Sobre Agustino Salumbrino nos ofrece una biografía extensa —si bien plagada de absurdas e increíbles fantasías religiosas en forrma de milagros, apariciones celestiales y visiones sobrenaturales— Alberto Bailetti (1) en su obra La misión del jesuita Agustín Salumbrino, la malaria y el árbol de la quina.
Bailetti, en su intención de hacer apología encomiástica de Salumbrino y en general de la Compañía de Jesús, incurre en falsedades malintencionadas. Habla de "la batalla que libró Salumbrino durante su vida contra el Plasmodium", por ejemplo, cuando este parásito microscópico transmitido por hembras de mosquito del género Anopheles que originaba la malaria (o paludismo) no fue descubierto hasta finales del siglo XIX. La malaria era la principal causa de mortandad en Italia —patria de Salumbrino— y se encontraba en expansión en las Indias cuando llegó allí fray Antonio Vázquez. Bailetti se refiere descaradamente a "los remedios que se expedían en la Botica [de Salumbrino en Lima] y al específico para tratar la malaria (!). Dice que "eran escasos los especialistas como Salumbrino que tuvieran la capacidad de distinguir la enfermedad por sus síntomas, distinguiéndola de otras, ni conciencia del impacto que tendría en Europa y demás continentes el descubrimiento de las propiedades de la corteza de la quina", aun cuando no se había ni siquiera denominado entonces tal enfermedad, cuyos síntomas se repetían confusamente en multitud de otras dolencias. En ocasiones Bailetti no falta a la verdad: "... no veía con buenos ojos [el Provincial de la Compañía padre Leonardo de Peñafiel, sucesor del padre Antonio Vásquez, que fue contemporáneo de Salumbrino] que el Colegio tuviera la Botica abierta al público y que en ella se hicieran importantes negocios que incluso aumentaron con la venta y exportación de la corteza de quina".
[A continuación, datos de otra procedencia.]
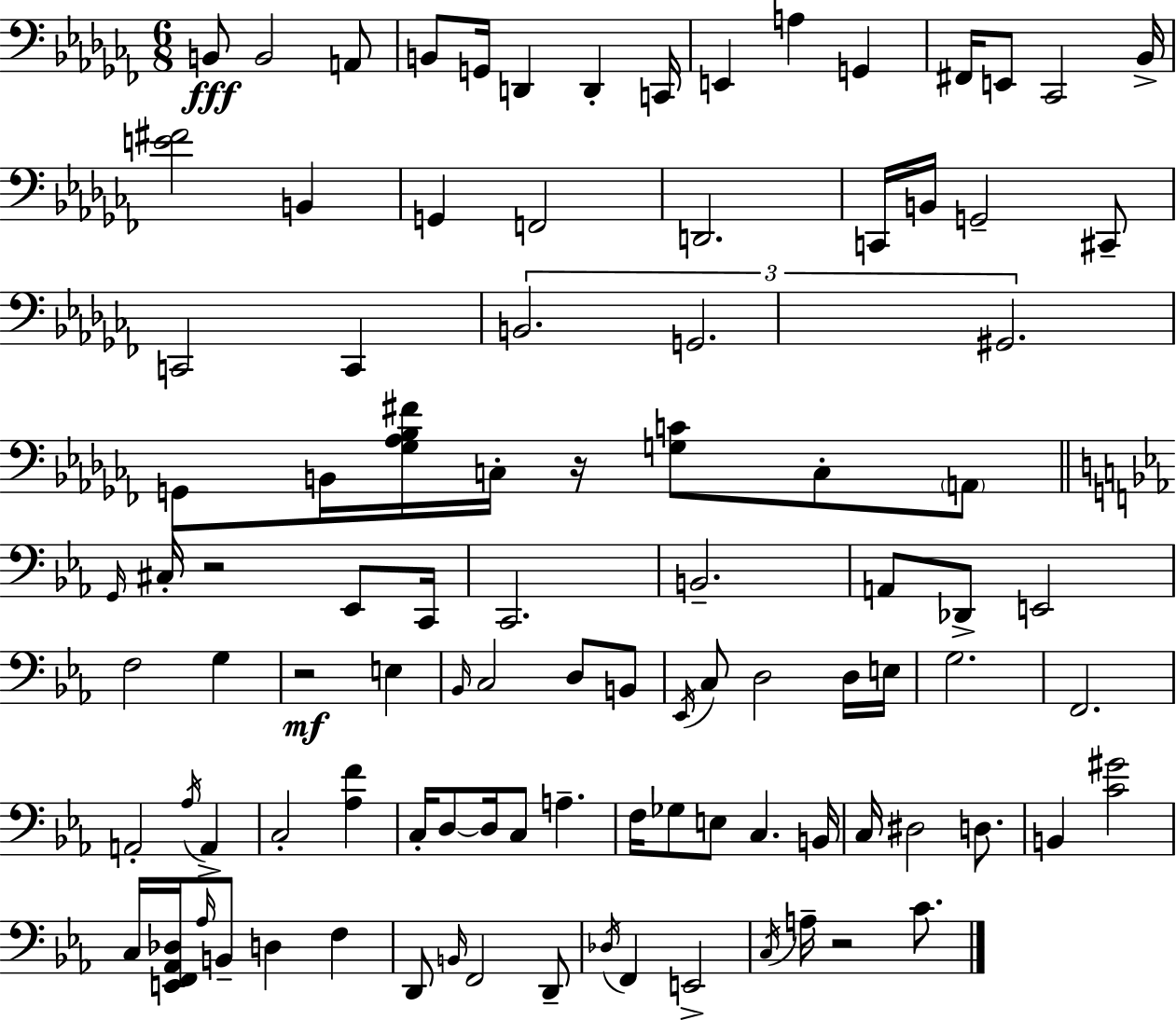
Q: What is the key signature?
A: AES minor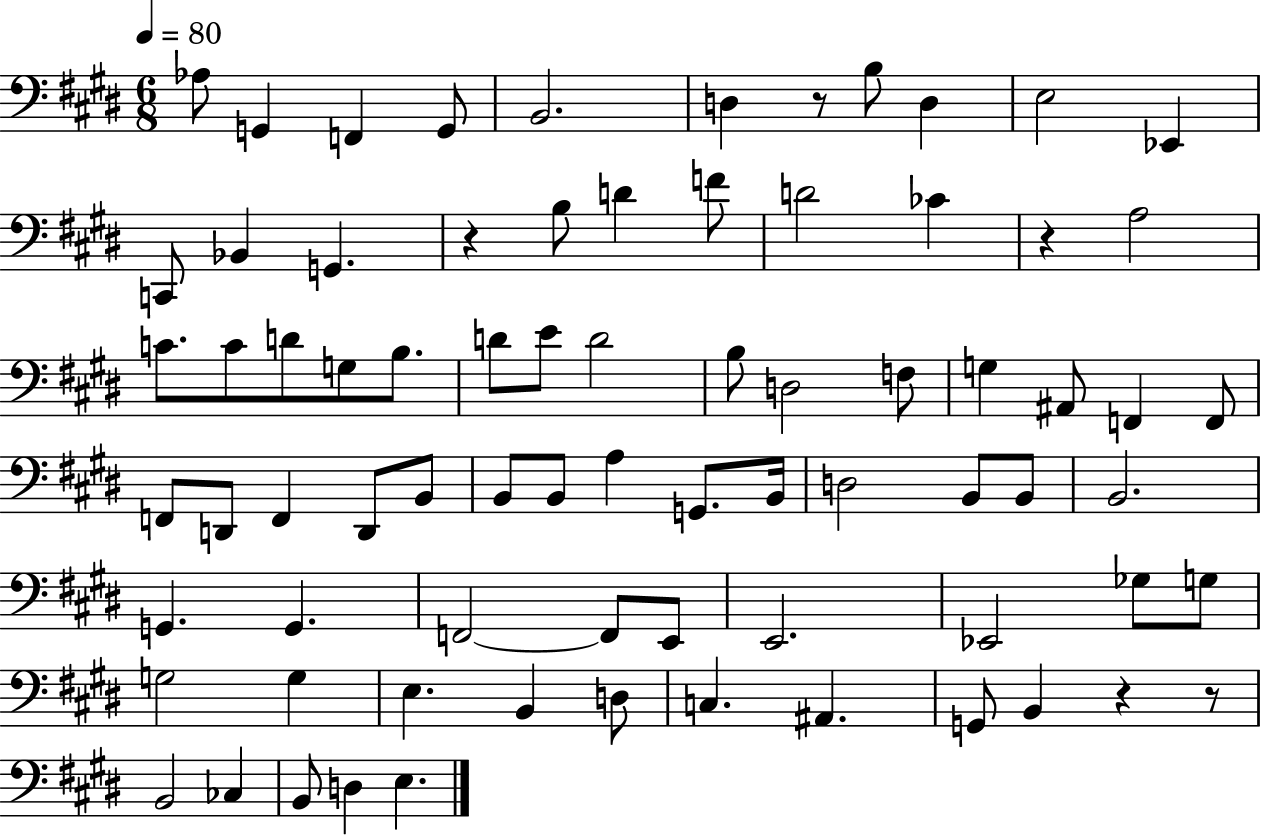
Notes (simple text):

Ab3/e G2/q F2/q G2/e B2/h. D3/q R/e B3/e D3/q E3/h Eb2/q C2/e Bb2/q G2/q. R/q B3/e D4/q F4/e D4/h CES4/q R/q A3/h C4/e. C4/e D4/e G3/e B3/e. D4/e E4/e D4/h B3/e D3/h F3/e G3/q A#2/e F2/q F2/e F2/e D2/e F2/q D2/e B2/e B2/e B2/e A3/q G2/e. B2/s D3/h B2/e B2/e B2/h. G2/q. G2/q. F2/h F2/e E2/e E2/h. Eb2/h Gb3/e G3/e G3/h G3/q E3/q. B2/q D3/e C3/q. A#2/q. G2/e B2/q R/q R/e B2/h CES3/q B2/e D3/q E3/q.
Bailetti continúa fantaseando con grandilocuente palabrería: "... acercarnos a este acontecimiento fundamental en la historia de la medicina así como al verdadero personaje, Agustín Salumbrino ... [...] "... las acciones concretas, cotidianas de Salumbrino que hicieron posible sus notables aportes a través de la Botica que fundara en la ciudad de Lima, en especial las bondades del árbol de la quina para enfrentar al Plasmodium".
Y sigue Bailetti. En su obsesiva idea-fuerza de ensalzamiento del jesuita boticario retrotrae al siglo XVII conceptos del XIX relatando que "la malaria era harto conocida en Forlí [ciudad natal de Salumbrino en Italia]. La famosa condesa guerrera Catalina Sforza, gobernante de la ciudad fortificada padeció con frecuencia de malaria en su forma benigna. En 1484 presentó síntomas de cuartanas, fiebre cada cuatro días, afectada por el Plasmodium malarie. [...] Nadie entonces podría haber imaginado que ese niño y luego hermano jesuita fuera a derrotar al Plasmodium, salvar a Roma y a millones de personas durante cientos de años. Asimismo, consiguió para la Compañía de Jesús uno de sus mayores logros misioneros en el Asia. En efecto, a los pocos años de la muerte de Salumbrino, a fines del siglo XVII, dos sacerdotes jesuitas franceses curaron con los polvos de la quina al célebre emperador chino Kangxi (1661-1722) afectado por la malaria. En agradecimiento se le abrió a la Compañía de Jesús la posibilidad de instalarse en la ciudad sagrada de Beijing" (2).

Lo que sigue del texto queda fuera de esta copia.